Desde el punto de vista de inmediatez, hay que aceptar que la máquina es un as, porque es capaz de preparar contenidos para las redes sociales más rápido que pestañear un ojo. Y como lo que vale es quién lo dijo primero. La computadora periodista le está ganando a los que se jactan de ser los más duros en el teclado.
En California, una empresa de prensa escrita acogió recientemente la tecnología del algoritmo creado por el periodista Ken Schwencke para generar titulares y encabezamientos automáticos. Pero lo que organiza y publica el programa es la información procesada previamente por periodistas.

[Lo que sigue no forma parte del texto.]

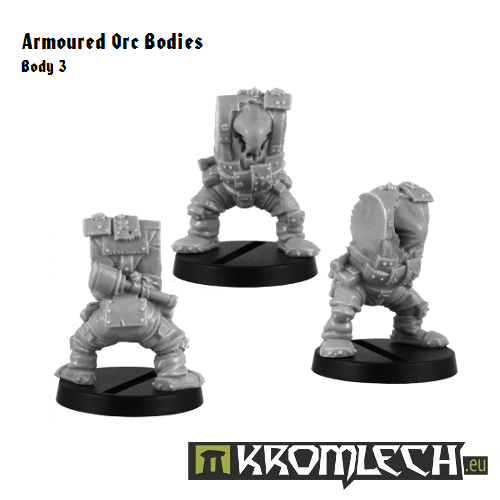 Kromlech Armoured Orc Bodies - TISTA MINIS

Al periodista Schwencke se le increpó sobre si su invento respetaba la profesión o estaba promoviendo que las máquinas sustituyeran a los periodistas de carne y hueso, y este contestó que de ninguna manera buscaba reemplazar, sino apoyar y complementar la transmisión de datos de una manera más rápida. De hecho, él considera su innovación un reto para el mismo periodista, pues dice que hace el trabajo más interesante. Otros medios de prensa escrita también les han dado trabajo a otros programas que ahorran periodistas. Acosados por la crítica de círculos periodísticos han señalado que fueron adquiridos para completar información en la complicada tarea de informar con rapidez. Esos medios de comunicación aducen que el programa les otorga más tiempo libre a los periodistas para ocuparse de otras tareas, como la investigación profunda y el cultivo de fuentes para obtener reportajes exclusivos.

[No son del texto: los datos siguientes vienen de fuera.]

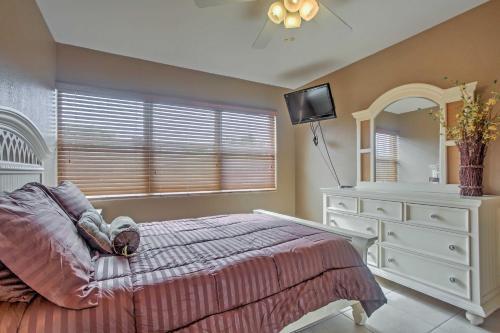 Tropical Cape Coral Home With Private Dock On Canal!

Si bien debemos adecuarnos a las nuevas tecnologías, ese intento de reemplazar a los periodistas por bytes no deja de ser sumamente preocupante. La propuesta computarizada debería ser acogida como un medio para apoyar y adelantar datos en esa lucha por la inmediatez, pero no como sustitución de labores de redacción periodística. Promover el periodismo automático computarizado atrofiaría nuestras mentes y encaminaría los contenidos al peligroso barranco del plagio. El periodismo, con toda la excelencia que se requiere, está basado en el respeto y la honestidad para entregarles a los receptores la verdad. Solo el tiempo dirá cuán provechoso fue el invento programático y si generó más periodismo inteligente o el alargamiento de la fila del desempleo.